In many ways the fascists and socialists of the 1920s and ‘30s in Europe and America were idealists. They wanted to change the world. The crony capitalism and welfare statism of the late 1800s and early 1900s, and especially of the 1930s Great Depression, were obvious political, social, and economic failures. The fascists and socialists wanted something better.
In order to create the ideal society and government – or at least far better ones – the idealistic Western thinkers and leaders of around 1920-1939 decided to turn away from what they mistakenly thought of as capitalism and freedom. They thought both had been unambiguously refuted by history. But what they didn’t understand is that the things they identified as “capitalism” and “freedom” weren’t that at all but something close to the exact opposite. Moreover, these idealistic fascists and socialists, to a considerable extent, were already living under fascism and socialism.
What these yearning and hopeful folks of 1920-39 didn’t realize is that true capitalism and freedom – not the phony, crony capitalism and coercive welfare statism of the day – yielded precisely the political, social, and economic paradise they were looking for. They simply needed to straighten out the deformed systems of them. Utopia was right under their noses, they just didn’t see it.
Unfortunately, obtaining societal and governmental perfection required knowledge they lacked.
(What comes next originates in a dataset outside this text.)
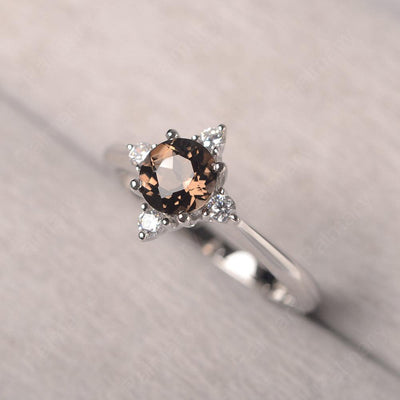 Star Style Round Cut Smoky Quartz  Rings - Palmary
What they needed to understand is that all that government ownership of roads, parks, and schools; all those government-built “internal improvements”, “water projects”, and infrastructure additions; all the government monopolizing, subsidizing, and regulating of business; all that government trust-busting and penalizing of business; all that government redistribution of wealth and charity; none of it was normal or natural. None of it embodied capitalism or freedom in the least. It was all the perversion, warping, undermining, and destruction of them.
However standard and universally-accepted all that 1800s-based nonsense was, this governmental behavior was actually wildly deviant from, and even annihilating of, genuine capitalism and freedom. So too of societal cooperation, interpersonal harmony, cultural richness, individual greatness, and personal happiness. That misbegotten 1800s-type of government did need to be replaced – but not with expanded fascism and socialism.
Paradise and utopia are easy to create. But to obtain them you need the superior idealism of real capitalism and real freedom – not the fake and hopeless versions of 1930s crony capitalism and welfare statism. And especially not the nightmarish and depraved idealism of full fascism and socialism.